Connection refused when trying to connect to Distributed worker
Hello everyone :) I am trying to use multiple workers with Distributed, however it doesn't work as planned. I always get a connection refused error as below:
ERROR: TaskFailedException
nested task error: IOError: connect: connection refused (ECONNREFUSED)
Stacktrace:
[1] worker_from_id(pg::Distributed.ProcessGroup, i::Int64)
@ Distributed /usr/local/julia/share/julia/stdlib/v1.7/Distributed/src/cluster.jl:1089
[2] worker_from_id
@ /usr/local/julia/share/julia/stdlib/v1.7/Distributed/src/cluster.jl:1086 [inlined]
[3] #remote_do#166
@ /usr/local/julia/share/julia/stdlib/v1.7/Distributed/src/remotecall.jl:561 [inlined]
[4] remote_do
@ /usr/local/julia/share/julia/stdlib/v1.7/Distributed/src/remotecall.jl:561 [inlined]
[5] kill(manager::Distributed.SSHManager, pid::Int64, config::WorkerConfig)
@ Distributed /usr/local/julia/share/julia/stdlib/v1.7/Distributed/src/managers.jl:673
[6] create_worker(manager::Distributed.SSHManager, wconfig::WorkerConfig)
@ Distributed /usr/local/julia/share/julia/stdlib/v1.7/Distributed/src/cluster.jl:600
[7] setup_launched_worker(manager::Distributed.SSHManager, wconfig::WorkerConfig, launched_q::Vector{Int64})
@ Distributed /usr/local/julia/share/julia/stdlib/v1.7/Distributed/src/cluster.jl:541
[8] (::Distributed.var"#41#44"{Distributed.SSHManager, Vector{Int64}, WorkerConfig})()
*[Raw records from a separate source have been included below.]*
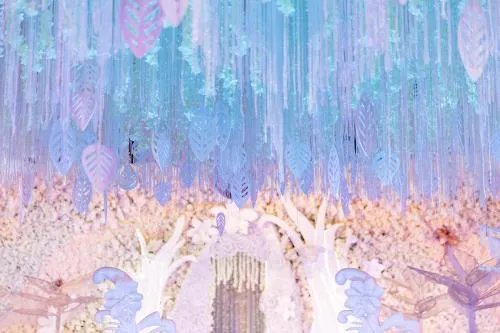 林宥嘉丁文琪婚礼现场森系风格清新养眼，还有哪些明星结婚时现场布置别具一格？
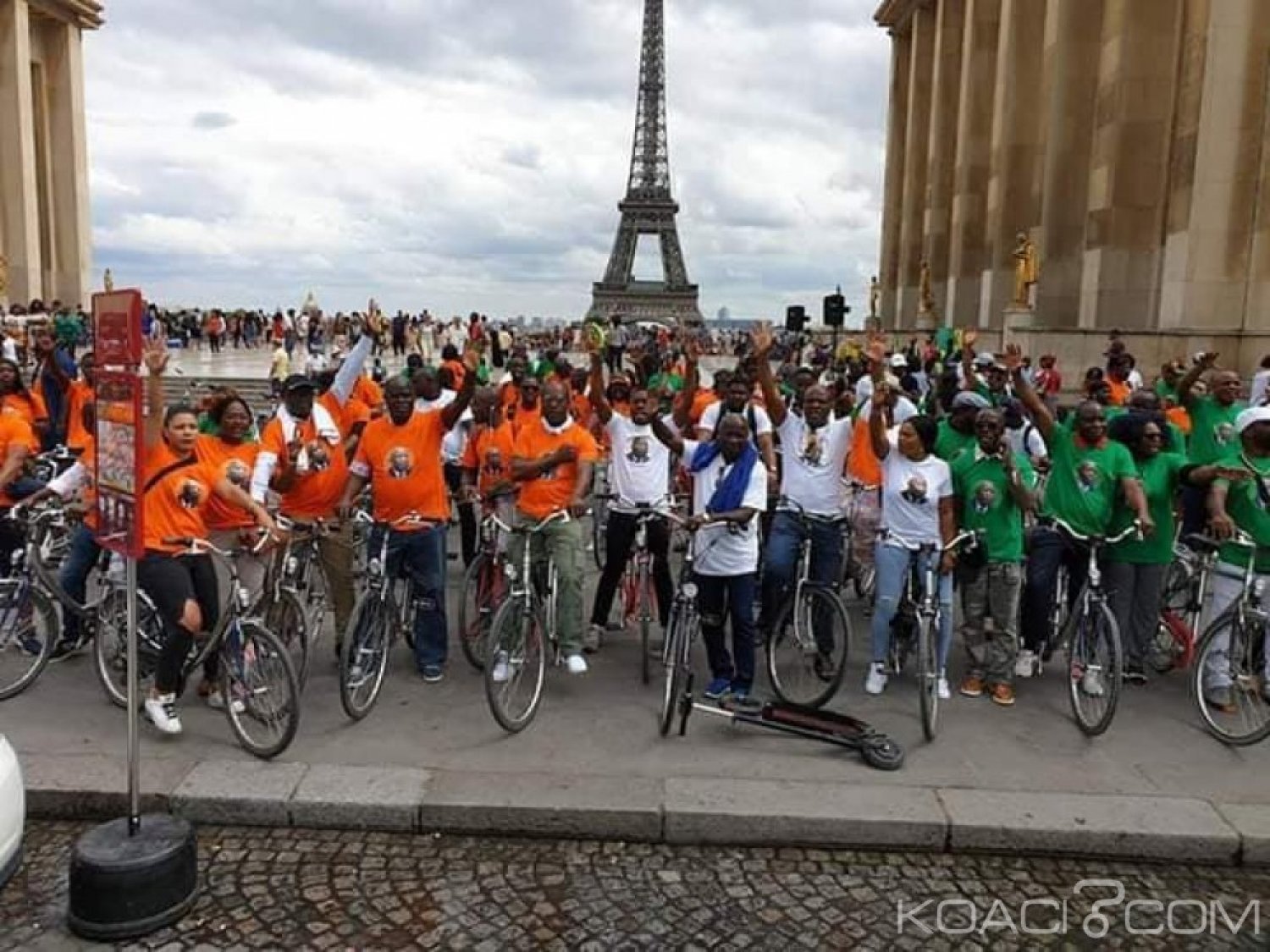 Côte d'Ivoire: A Paris, à  vélo, plusieurs partisans de Gbagbo manifestent pour réclamer son retour au pays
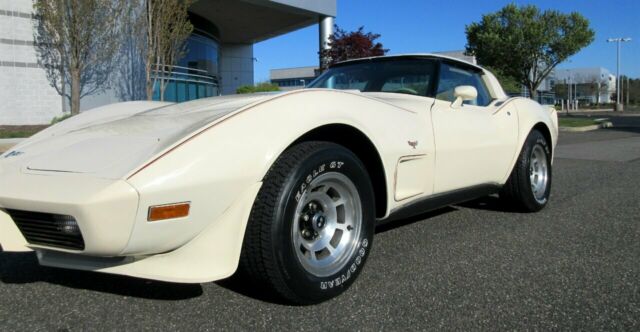 Chevrolet Corvette 1979 image number 19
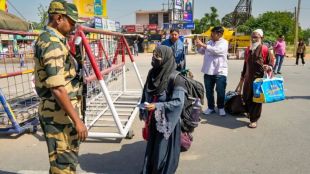 Civilians crossing Attari-Wagah border during repatriation between India and Pakistan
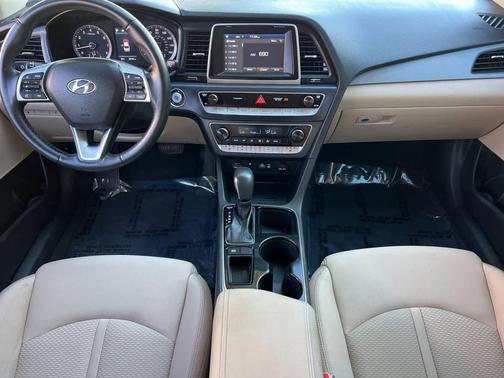2019 Hyundai SONATA SEL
@ Distributed ./task.jl:423
caused by: IOError: connect: connection refused (ECONNREFUSED)
Stacktrace:
[1] wait_connected(x::Sockets.TCPSocket)
@ Sockets /usr/local/julia/share/julia/stdlib/v1.7/Sockets/src/Sockets.jl:532
[2] connect
@ /usr/local/julia/share/julia/stdlib/v1.7/Sockets/src/Sockets.jl:567 [inlined]
[3] connect_to_worker(host::String, port::Int64)
@ Distributed /usr/local/julia/share/julia/stdlib/v1.7/Distributed/src/managers.jl:632
[4] connect(manager::Distributed.SSHManager, pid::Int64, config::WorkerConfig)
@ Distributed /usr/local/julia/share/julia/stdlib/v1.7/Distributed/src/managers.jl:559
[5] create_worker(manager::Distributed.SSHManager, wconfig::WorkerConfig)
@ Distributed /usr/local/julia/share/julia/stdlib/v1.7/Distributed/src/cluster.jl:596
[6] setup_launched_worker(manager::Distributed.SSHManager, wconfig::WorkerConfig, launched_q::Vector{Int64})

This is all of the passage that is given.